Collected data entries

########

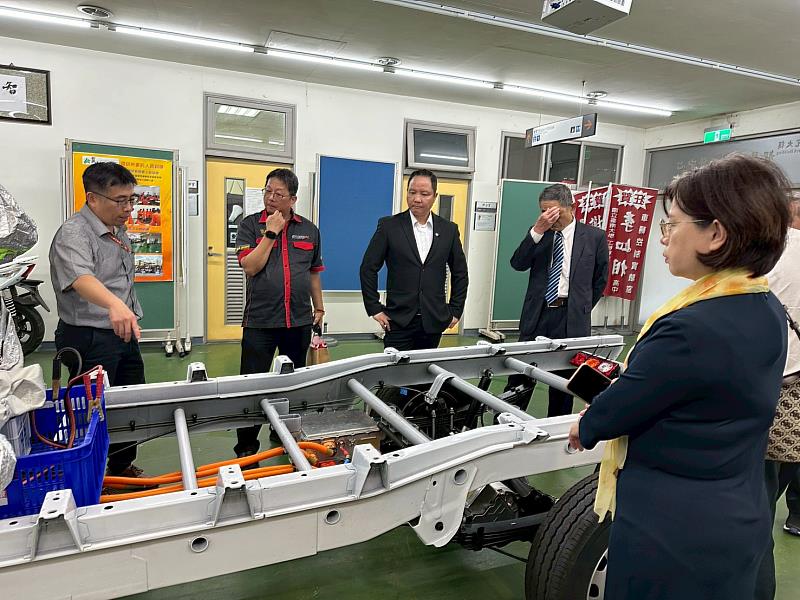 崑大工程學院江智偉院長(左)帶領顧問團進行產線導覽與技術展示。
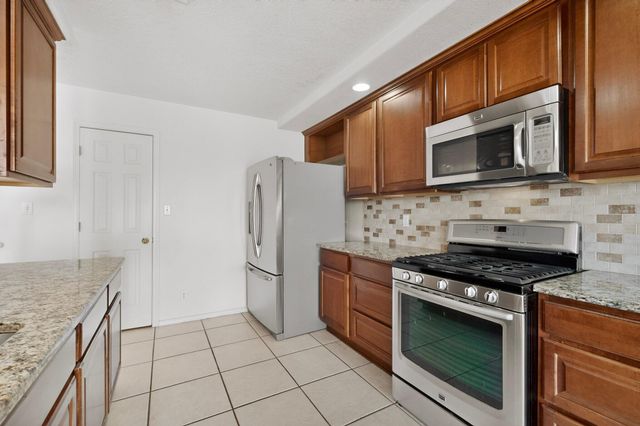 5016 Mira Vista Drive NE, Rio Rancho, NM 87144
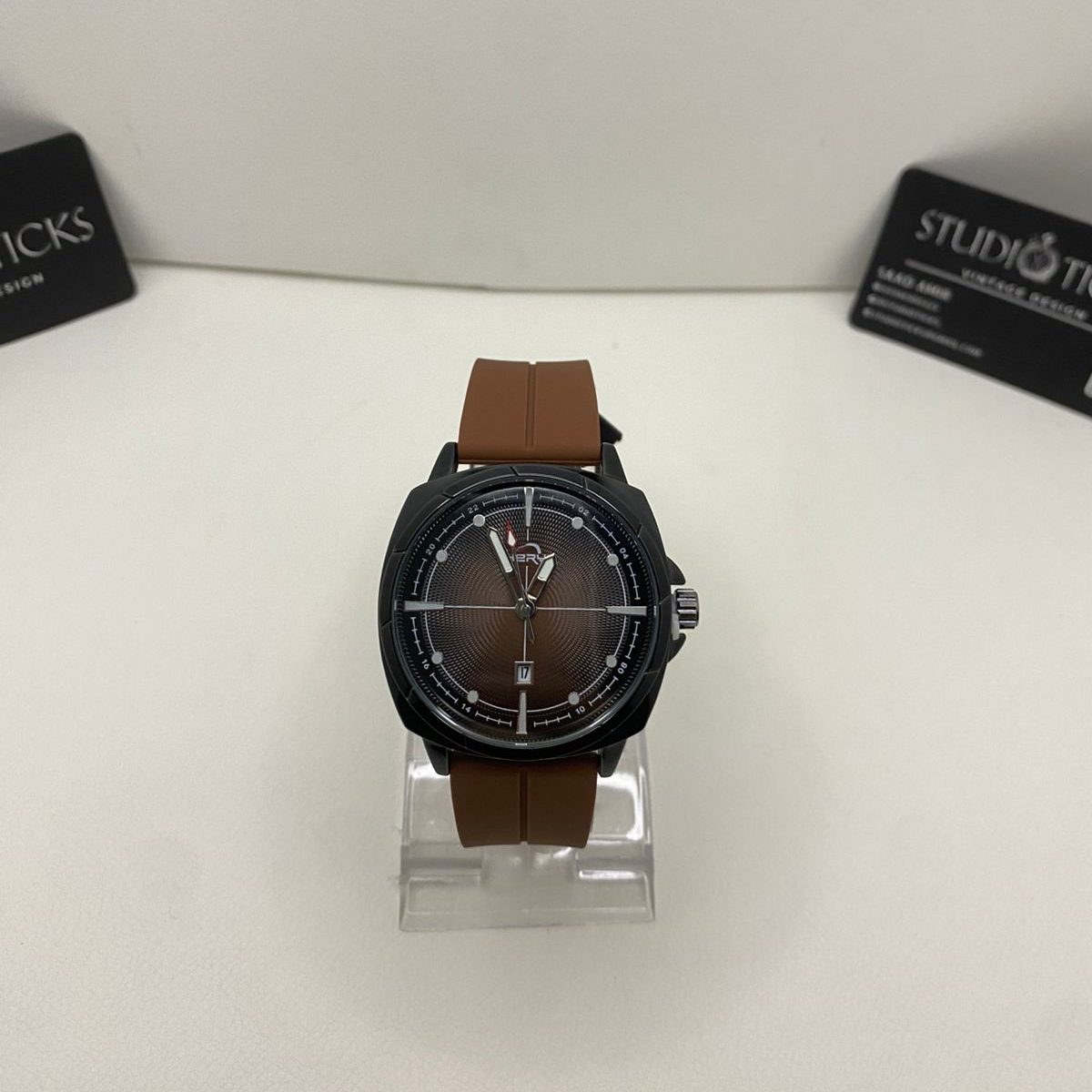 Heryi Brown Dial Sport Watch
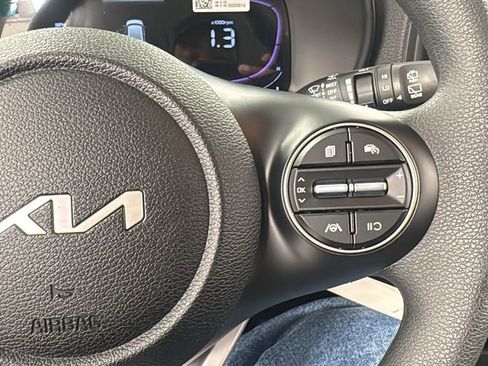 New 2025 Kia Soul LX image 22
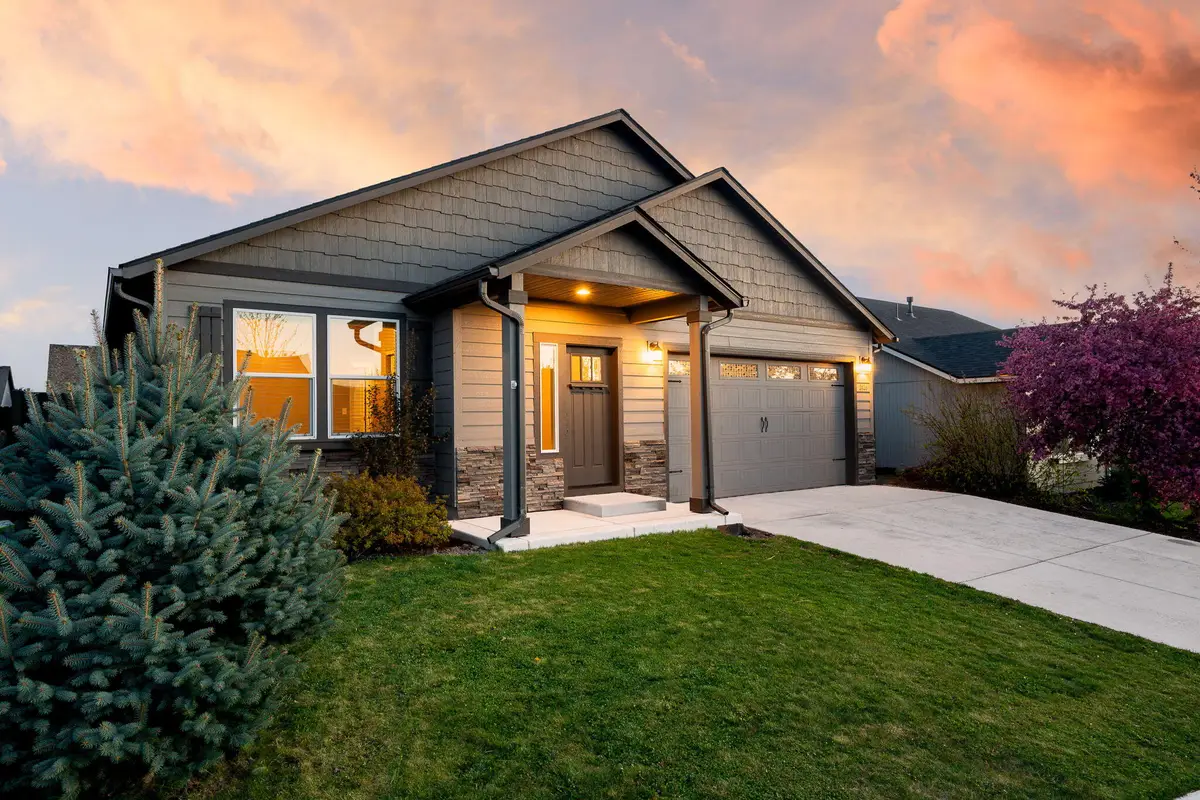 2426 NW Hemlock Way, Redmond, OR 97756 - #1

########

→ About this exercise
The data above must be given again in full and unaltered, minus its images.

→ Answer area
 崑大工程學院江智偉院長(左)帶領顧問團進行產線導覽與技術展示。
 5016 Mira Vista Drive NE, Rio Rancho, NM 87144
 Heryi Brown Dial Sport Watch
 New 2025 Kia Soul LX image 22
 2426 NW Hemlock Way, Redmond, OR 97756 - #1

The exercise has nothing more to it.